Recorded data:
- Opening Delimiter -
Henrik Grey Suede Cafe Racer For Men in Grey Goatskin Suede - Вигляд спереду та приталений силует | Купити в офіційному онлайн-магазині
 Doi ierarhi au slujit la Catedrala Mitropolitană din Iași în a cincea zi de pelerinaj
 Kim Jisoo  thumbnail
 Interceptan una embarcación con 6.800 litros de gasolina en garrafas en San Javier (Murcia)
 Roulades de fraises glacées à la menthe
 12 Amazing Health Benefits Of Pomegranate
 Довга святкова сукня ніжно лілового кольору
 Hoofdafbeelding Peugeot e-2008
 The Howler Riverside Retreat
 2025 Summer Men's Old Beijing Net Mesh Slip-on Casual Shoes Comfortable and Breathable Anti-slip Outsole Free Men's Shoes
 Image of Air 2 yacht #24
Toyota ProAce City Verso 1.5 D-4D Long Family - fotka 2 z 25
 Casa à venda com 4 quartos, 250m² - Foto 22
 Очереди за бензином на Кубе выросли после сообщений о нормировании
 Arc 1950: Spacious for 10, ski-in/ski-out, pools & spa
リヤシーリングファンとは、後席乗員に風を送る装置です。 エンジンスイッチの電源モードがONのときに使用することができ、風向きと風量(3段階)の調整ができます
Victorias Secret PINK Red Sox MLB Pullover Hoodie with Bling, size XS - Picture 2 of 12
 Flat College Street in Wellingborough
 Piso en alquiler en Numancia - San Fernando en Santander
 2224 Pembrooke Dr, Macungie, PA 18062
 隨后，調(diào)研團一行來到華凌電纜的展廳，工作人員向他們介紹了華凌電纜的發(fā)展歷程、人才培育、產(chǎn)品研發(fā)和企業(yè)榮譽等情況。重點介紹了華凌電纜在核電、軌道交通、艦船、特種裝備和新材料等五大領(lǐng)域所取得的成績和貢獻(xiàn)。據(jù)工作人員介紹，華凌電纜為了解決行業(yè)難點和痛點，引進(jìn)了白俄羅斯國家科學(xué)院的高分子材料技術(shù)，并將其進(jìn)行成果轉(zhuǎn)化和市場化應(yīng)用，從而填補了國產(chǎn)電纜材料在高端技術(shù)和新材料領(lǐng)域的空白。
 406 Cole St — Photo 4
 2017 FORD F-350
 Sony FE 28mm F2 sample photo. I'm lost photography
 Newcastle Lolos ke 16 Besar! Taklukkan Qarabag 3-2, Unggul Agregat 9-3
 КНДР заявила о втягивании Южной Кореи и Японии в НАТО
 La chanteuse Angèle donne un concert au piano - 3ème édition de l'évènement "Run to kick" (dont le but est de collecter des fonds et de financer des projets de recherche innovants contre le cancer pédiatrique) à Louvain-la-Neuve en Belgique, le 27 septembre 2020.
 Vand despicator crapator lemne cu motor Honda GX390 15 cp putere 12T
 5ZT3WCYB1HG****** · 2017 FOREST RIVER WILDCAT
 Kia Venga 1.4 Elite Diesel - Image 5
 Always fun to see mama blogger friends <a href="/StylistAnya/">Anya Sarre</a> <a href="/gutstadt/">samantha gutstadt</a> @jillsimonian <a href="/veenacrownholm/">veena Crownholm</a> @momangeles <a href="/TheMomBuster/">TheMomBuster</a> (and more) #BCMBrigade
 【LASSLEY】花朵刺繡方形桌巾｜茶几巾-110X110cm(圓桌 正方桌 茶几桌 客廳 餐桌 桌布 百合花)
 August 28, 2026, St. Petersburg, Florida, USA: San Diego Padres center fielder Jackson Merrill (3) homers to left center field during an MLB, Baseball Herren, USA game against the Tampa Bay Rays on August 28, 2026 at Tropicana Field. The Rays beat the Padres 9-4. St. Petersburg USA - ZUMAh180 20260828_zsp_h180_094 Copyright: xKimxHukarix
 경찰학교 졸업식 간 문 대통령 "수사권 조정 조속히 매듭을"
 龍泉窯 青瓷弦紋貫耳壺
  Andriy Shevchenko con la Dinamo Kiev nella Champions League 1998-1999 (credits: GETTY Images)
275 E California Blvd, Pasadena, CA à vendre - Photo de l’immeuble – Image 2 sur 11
- Closing Delimiter -
Exercise details: Restate, please, word for word the span of records running from the first line to the line bearing "The Howler Riverside Retreat", both included, and nothing outside it.

Output for this exercise:
Henrik Grey Suede Cafe Racer For Men in Grey Goatskin Suede - Вигляд спереду та приталений силует | Купити в офіційному онлайн-магазині
 Doi ierarhi au slujit la Catedrala Mitropolitană din Iași în a cincea zi de pelerinaj
 Kim Jisoo  thumbnail
 Interceptan una embarcación con 6.800 litros de gasolina en garrafas en San Javier (Murcia)
 Roulades de fraises glacées à la menthe
 12 Amazing Health Benefits Of Pomegranate
 Довга святкова сукня ніжно лілового кольору
 Hoofdafbeelding Peugeot e-2008
 The Howler Riverside Retreat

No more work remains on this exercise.